Cène de crime
Corinne K.
Dans la cuisine, la femme s’active autour du plan de travail. Elle prépare un quatre-quarts pour la fête de la paroisse. Elle n’est guère portée sur la religion mais elle aime se sentir utile. Elle n’a pas d’enfants à qui penser. Pas de chien, pas d’amant. Elle a un mari, c’est bien assez. La preuve, rien qu’à l’évoquer elle a la migraine. Et la nausée.

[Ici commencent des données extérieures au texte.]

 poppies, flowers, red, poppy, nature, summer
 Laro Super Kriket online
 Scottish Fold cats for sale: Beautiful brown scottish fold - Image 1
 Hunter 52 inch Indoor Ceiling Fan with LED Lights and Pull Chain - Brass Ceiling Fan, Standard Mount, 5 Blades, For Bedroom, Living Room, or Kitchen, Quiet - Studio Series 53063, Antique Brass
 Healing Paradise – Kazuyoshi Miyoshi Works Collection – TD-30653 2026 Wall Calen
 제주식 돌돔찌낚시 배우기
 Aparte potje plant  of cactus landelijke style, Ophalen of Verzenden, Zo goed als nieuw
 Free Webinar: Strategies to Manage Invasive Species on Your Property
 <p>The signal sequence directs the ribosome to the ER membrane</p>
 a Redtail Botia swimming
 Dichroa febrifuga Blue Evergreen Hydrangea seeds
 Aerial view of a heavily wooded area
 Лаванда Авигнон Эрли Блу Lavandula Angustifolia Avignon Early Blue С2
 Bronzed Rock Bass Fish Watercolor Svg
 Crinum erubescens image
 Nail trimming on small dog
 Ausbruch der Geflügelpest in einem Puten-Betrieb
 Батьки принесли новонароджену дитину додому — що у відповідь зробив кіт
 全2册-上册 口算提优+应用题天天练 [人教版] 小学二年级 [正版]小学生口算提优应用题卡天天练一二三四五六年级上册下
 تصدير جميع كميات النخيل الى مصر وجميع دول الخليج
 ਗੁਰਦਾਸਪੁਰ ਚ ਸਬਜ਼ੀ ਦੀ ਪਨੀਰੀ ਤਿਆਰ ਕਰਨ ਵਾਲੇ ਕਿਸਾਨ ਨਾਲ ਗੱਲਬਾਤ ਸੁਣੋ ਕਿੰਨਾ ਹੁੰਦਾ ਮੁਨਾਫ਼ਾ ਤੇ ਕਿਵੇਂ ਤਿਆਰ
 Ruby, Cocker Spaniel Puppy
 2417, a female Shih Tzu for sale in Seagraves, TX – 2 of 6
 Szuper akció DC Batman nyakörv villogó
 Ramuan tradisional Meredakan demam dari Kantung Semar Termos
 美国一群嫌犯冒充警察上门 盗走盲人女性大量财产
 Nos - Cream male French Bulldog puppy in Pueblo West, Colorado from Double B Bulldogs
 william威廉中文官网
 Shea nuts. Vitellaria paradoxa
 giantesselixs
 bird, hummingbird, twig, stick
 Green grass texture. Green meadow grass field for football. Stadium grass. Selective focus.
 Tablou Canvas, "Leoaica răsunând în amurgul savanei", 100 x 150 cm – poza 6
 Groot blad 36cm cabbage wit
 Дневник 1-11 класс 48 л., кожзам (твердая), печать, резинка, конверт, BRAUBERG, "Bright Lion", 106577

La femme jette un œil sur la recette et vérifie qu’elle n’a rien oublié. D’abord elle a blanchi le sucre (250 g) avec le beurre (250 g), puis elle a ajouté les jaunes d’œufs. La recette précise qu’il en faut trois mais elle en a mis quatre, c’est plus fort qu’elle elle adore ça, casser les œufs. Séparer le jaune charnu du blanc glaireux, en veillant à ne pas laisser le moindre éclat de coquille dans la préparation. Hélas, depuis qu’elle est mariée, dix ans déjà au secours, elle n’a plus l’occasion de le faire. Car son mari souffre d’une grave allergie à l’œuf. Elle-même souffre d’une grave allergie à son mari. C’est moins grave on n’en meurt pas. Quoique…
Elle abandonne ses digressions mentales et revient à sa recette. Elle verse la farine tamisée (250g) puis elle mélange. Elle chantonne, l’humeur friponne. La gaieté lisse ses rides comme un fer à repasser spécial peaux matures, l’effort ravive son teint. Elle rayonne, une toute petite fille. Elle se prend pour Catherine Deneuve dans Peau d’Ane quand elle prépare son gâteau pour le prince dans sa cabane de cinéma perdue au fond des bois. Mais la femme n’est pas Catherine Deneuve. Elle n’a ni la robe couleur du temps, ni la rivière de cheveux d’or domptée en un parfait chignon. Quant au prince... A cette pensée la femme s’obscurcit, son visage récupère d’une claque imaginaire ses cinquante-cinq ans bien tassés. Maintenant elle frappe plus qu’elle ne pétrit la pâte. Se venger de n’avoir pas vécu. Elle se concentre. Ne pas pleurer. Un petit effort, il ne reste plus qu’à monter les blancs d’œufs en neige avec une pincée de sel fin. Et à incorporer le tout dans le saladier.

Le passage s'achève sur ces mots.